▶ **Task prompt**
Locate the line that contains "Un espacio habitable" in the entries below, then repeat it and every following line through the line that contains "Exterior view of", exactly, and no others.

▶ **Information**
####################

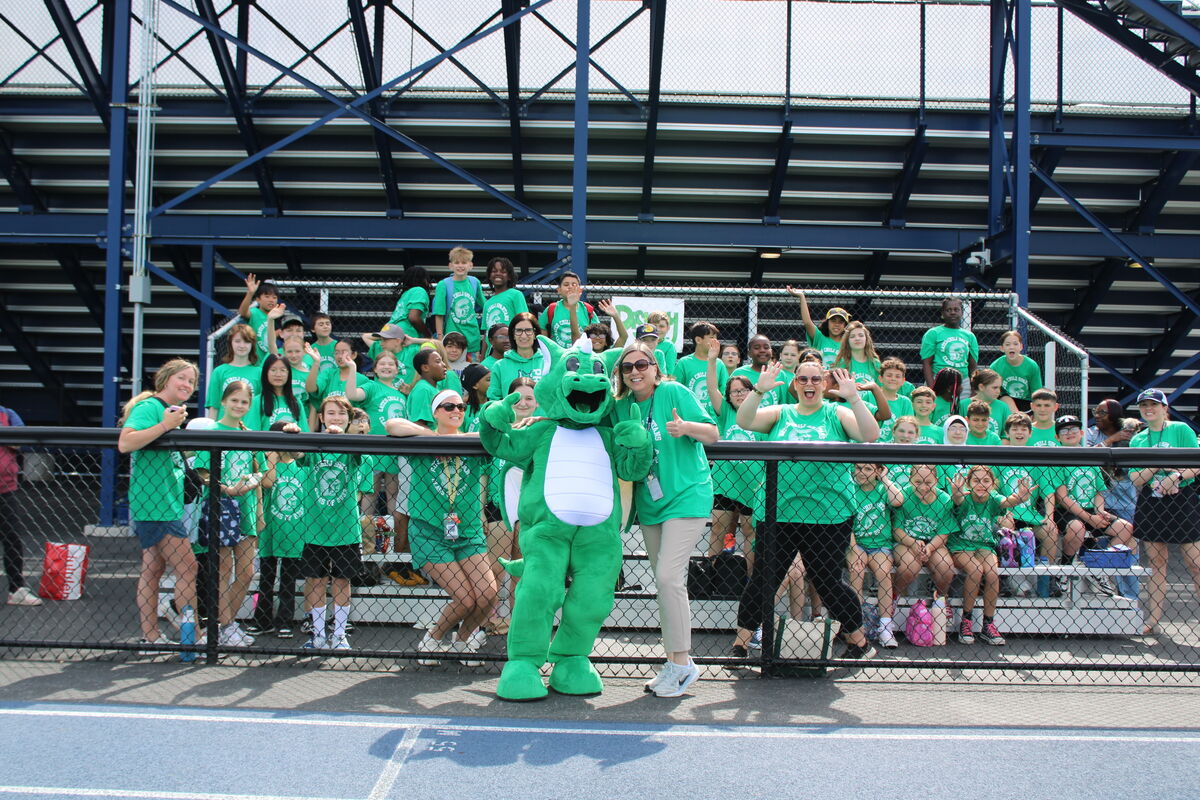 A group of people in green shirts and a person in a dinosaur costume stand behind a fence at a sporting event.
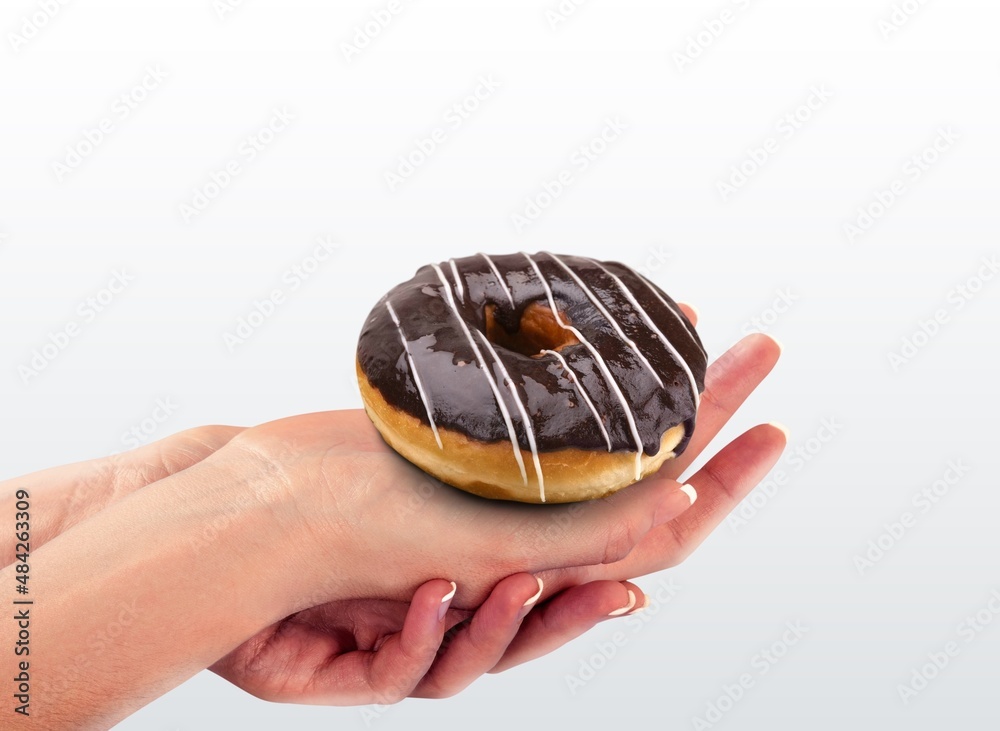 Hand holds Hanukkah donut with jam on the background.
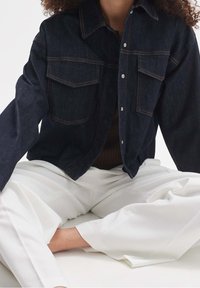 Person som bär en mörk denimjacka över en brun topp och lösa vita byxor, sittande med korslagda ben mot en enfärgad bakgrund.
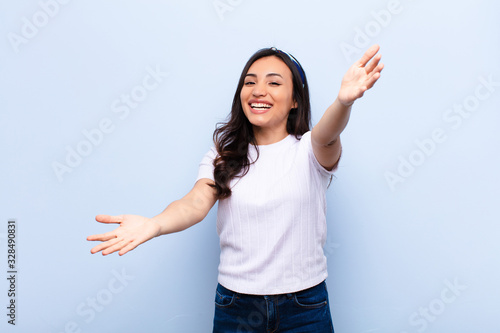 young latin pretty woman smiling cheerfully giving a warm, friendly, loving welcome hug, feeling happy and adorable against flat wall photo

####################

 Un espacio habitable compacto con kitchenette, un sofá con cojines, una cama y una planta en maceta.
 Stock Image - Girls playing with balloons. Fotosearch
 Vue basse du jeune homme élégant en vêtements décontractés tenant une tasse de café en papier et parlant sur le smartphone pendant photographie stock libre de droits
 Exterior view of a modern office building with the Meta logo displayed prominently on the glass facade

####################

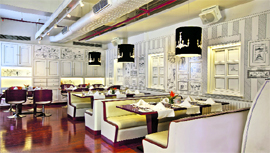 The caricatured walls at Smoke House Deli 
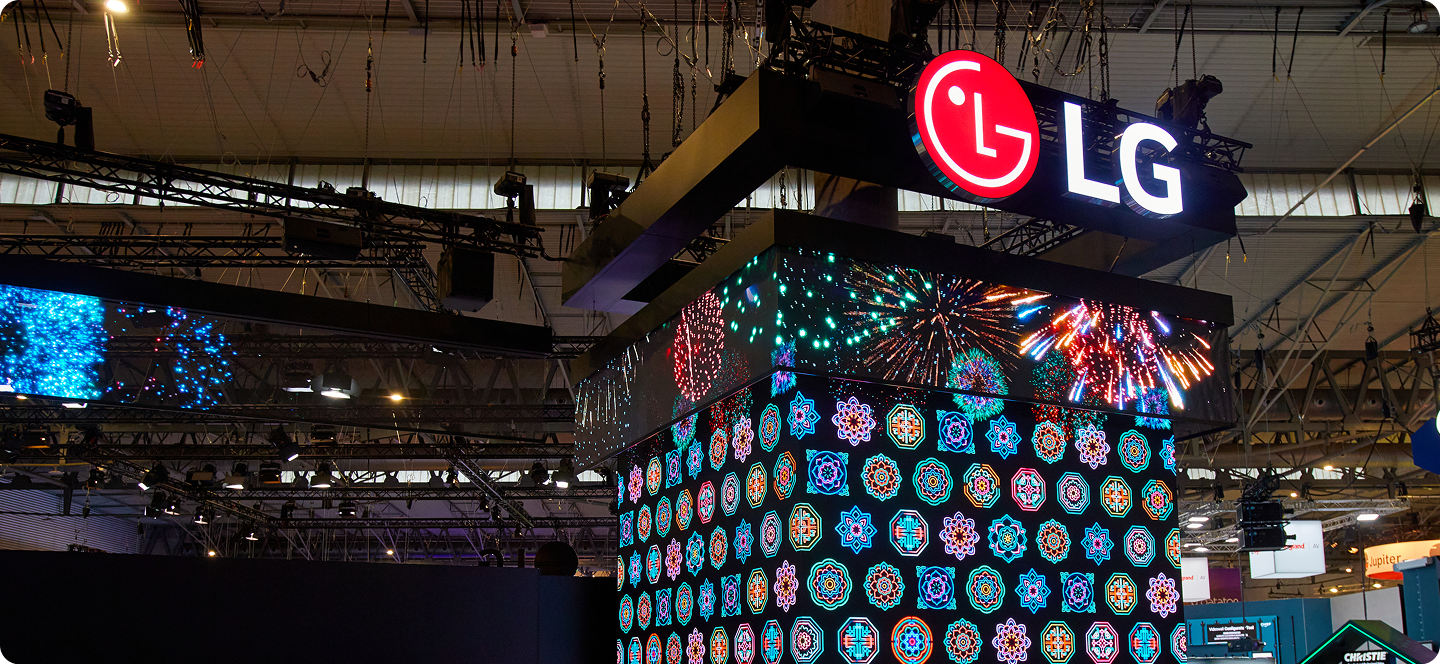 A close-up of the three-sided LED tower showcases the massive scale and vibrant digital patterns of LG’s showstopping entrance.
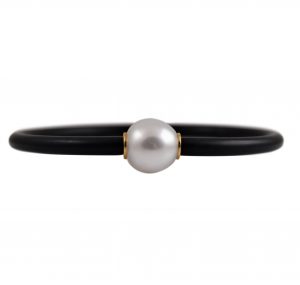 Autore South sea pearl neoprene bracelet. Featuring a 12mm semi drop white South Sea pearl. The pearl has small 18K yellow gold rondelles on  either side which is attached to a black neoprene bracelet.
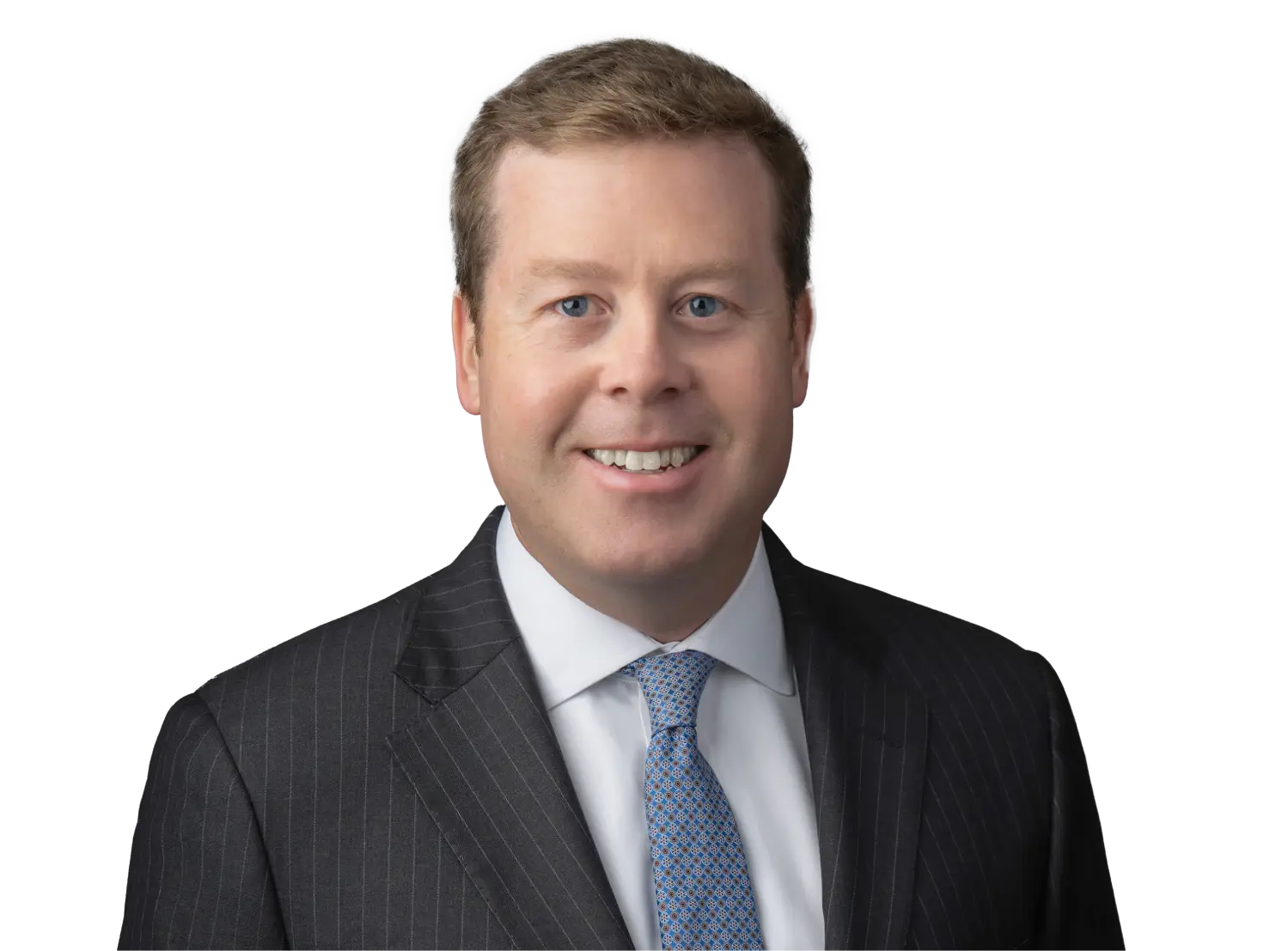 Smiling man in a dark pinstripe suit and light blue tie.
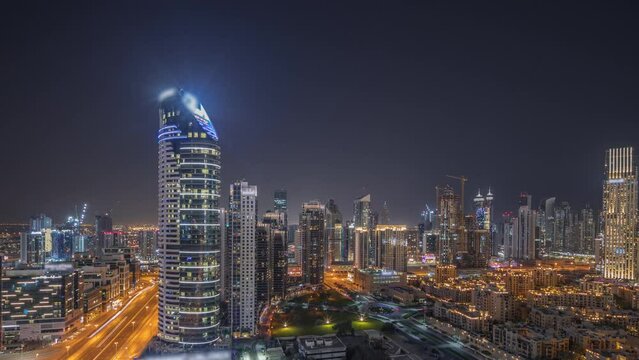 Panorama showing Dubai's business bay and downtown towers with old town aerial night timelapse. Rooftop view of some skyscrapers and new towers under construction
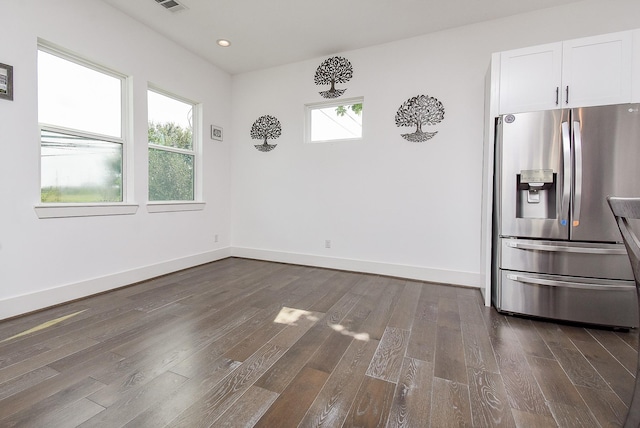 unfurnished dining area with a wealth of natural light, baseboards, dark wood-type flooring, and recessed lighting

####################

▶ **Solution to this exercise**
 Un espacio habitable compacto con kitchenette, un sofá con cojines, una cama y una planta en maceta.
 Stock Image - Girls playing with balloons. Fotosearch
 Vue basse du jeune homme élégant en vêtements décontractés tenant une tasse de café en papier et parlant sur le smartphone pendant photographie stock libre de droits
 Exterior view of a modern office building with the Meta logo displayed prominently on the glass facade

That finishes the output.